__Input data__
################

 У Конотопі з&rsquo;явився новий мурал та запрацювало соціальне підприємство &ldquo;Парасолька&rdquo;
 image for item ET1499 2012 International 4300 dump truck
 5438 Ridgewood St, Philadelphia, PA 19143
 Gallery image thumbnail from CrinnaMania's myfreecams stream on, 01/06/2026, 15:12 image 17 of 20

################

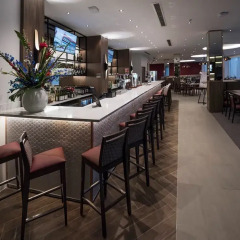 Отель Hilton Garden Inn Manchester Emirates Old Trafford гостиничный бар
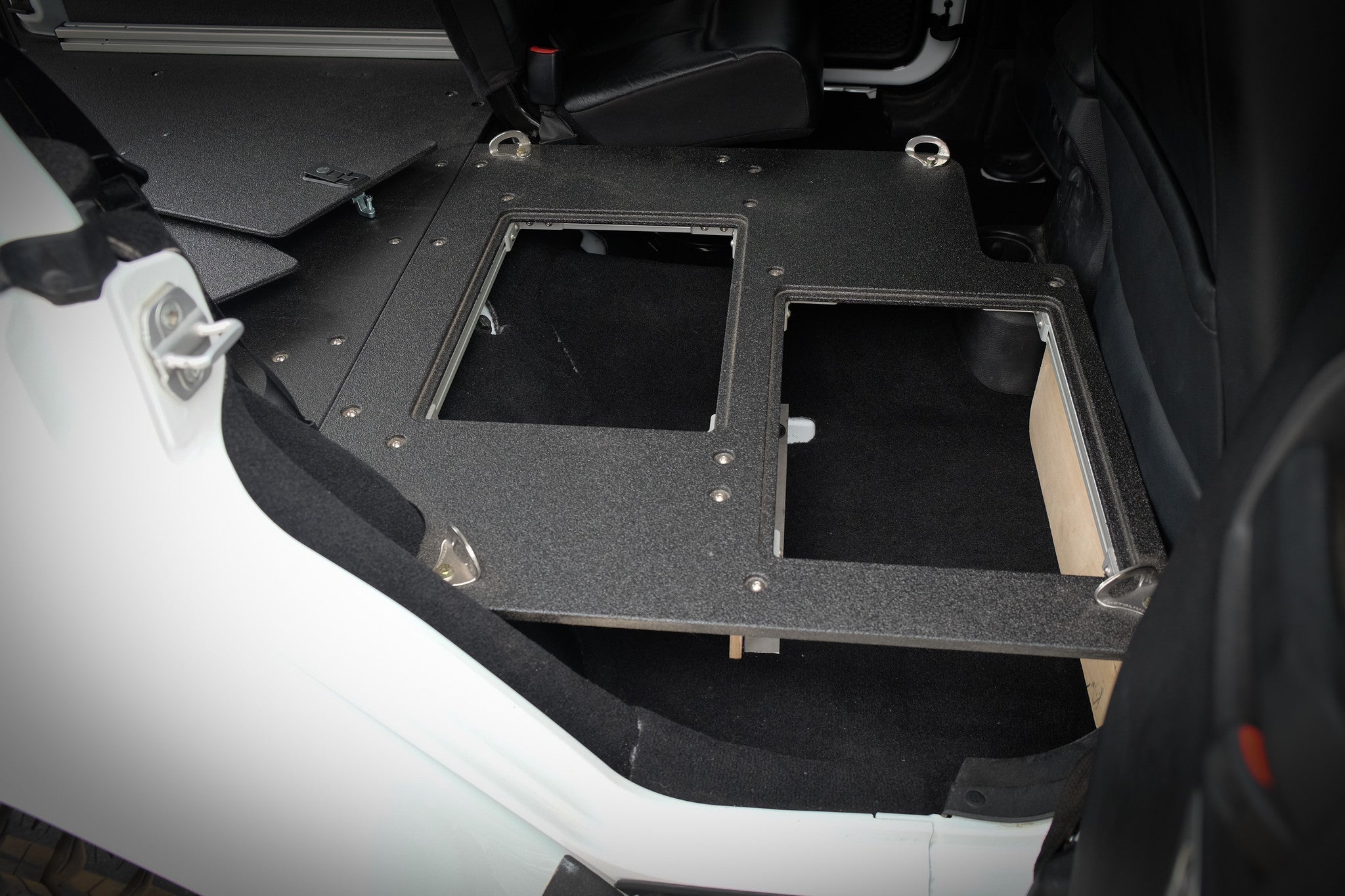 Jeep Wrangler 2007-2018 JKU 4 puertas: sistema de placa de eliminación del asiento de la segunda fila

################

__Assigned task__
Scan the records above for the lines holding "У Конотопі з&rsquo;явився" and "Gallery image thumbnail". Transcribe those two and every line between them word for word, and no others.

__Solution__
 У Конотопі з&rsquo;явився новий мурал та запрацювало соціальне підприємство &ldquo;Парасолька&rdquo;
 image for item ET1499 2012 International 4300 dump truck
 5438 Ridgewood St, Philadelphia, PA 19143
 Gallery image thumbnail from CrinnaMania's myfreecams stream on, 01/06/2026, 15:12 image 17 of 20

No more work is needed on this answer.